Société
Pas des tricots, ni pagnes, ni poisson lors de la campagne électorale, les candidats aux élections de 2023 seront soumis à un cahier des charges élaboré par la communauté. Une initiative qui ressort des travaux organisés à Kinshasa du 13 au 16 décembre 2022 par quatre organisations de la société civile. Il s’agit de Asadho, AET, Conafed et Nouvelle Société civile du Congo.
Ces dernières forment une synergie avec comme but d’accompagner le processus électoral. Ceci, en vue de réaliser des élections crédibles, apaisées et transparentes en RDC. Ce mardi 27 décembre à Lubumbashi, le point focal de cette synergie a organisé un atelier de stitution.
En effet, l’initiative du cahier des charges a un double objectif, à savoir : éveiller les communautés locales à voter utile. Ensuite, rendre les candidats redevables vis-à-vis des communautés.

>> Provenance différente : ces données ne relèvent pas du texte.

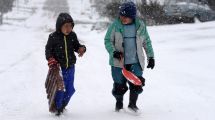 Imagen de Bariloche amaneció con nieve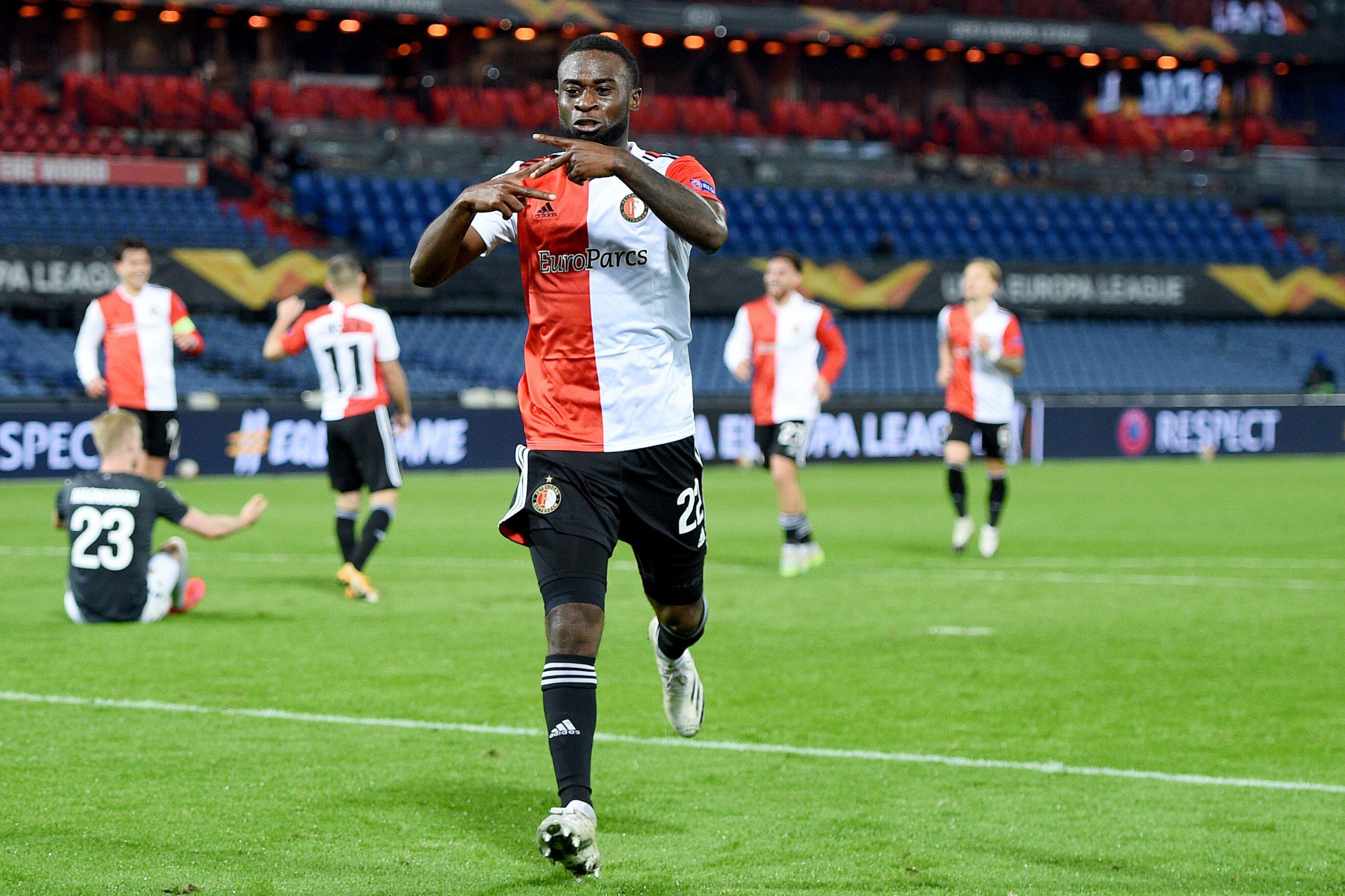 La stella del Feyenoord lascia un indizio importante sul trasferimento del Chelsea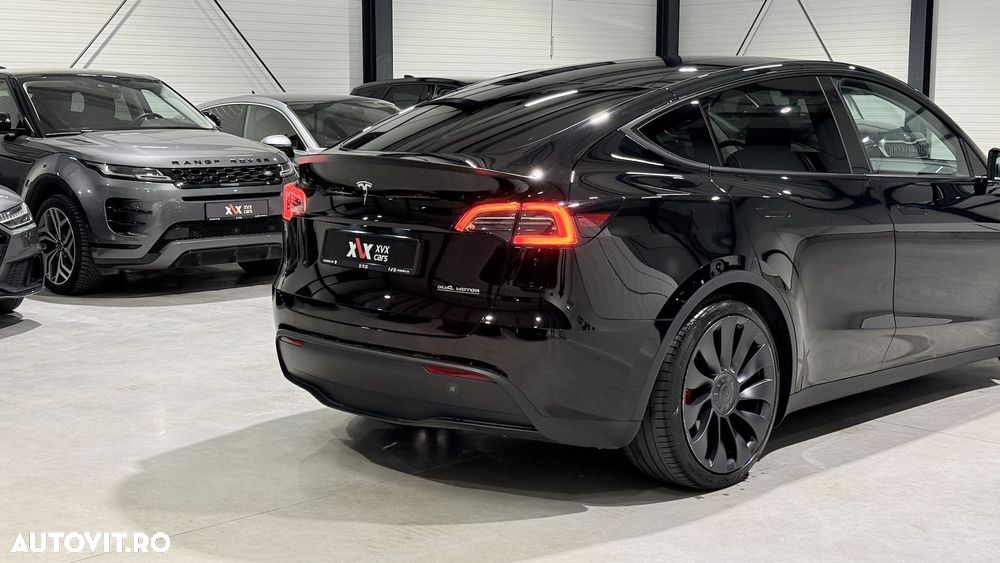 Tesla Model Y - 15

Pour ce faire, non seulement que la synergie des quatre organisations de la société civile va sensibiliser les communautés sur l’élaboration du cahier des charges à soumettre aux candidats, mais elle va également accompagner les communautés dans l’identification et l’élaboration des besoins prioritaires.
Ainsi, ces besoins élaborés sous forme d’un cahier des charges seront soumis aux différents candidats qui défileront dans les quartiers, villages ou communes pour être élus. Si le candidat se présente avec son projet de société, la synergie aidera la communauté à comparer son cahier des charges et le projet du candidat. Ceci en vue de trouver un juste milieu.
Acte d’engagement
Après la soumission du cahier de charges au candidat, celui-ci signera un acte d’engagement en vue de respecter et d’exécuter ce qui y est convenu. Et c’est de cette manière qu’ils pourront bénéficier des voix des électeurs.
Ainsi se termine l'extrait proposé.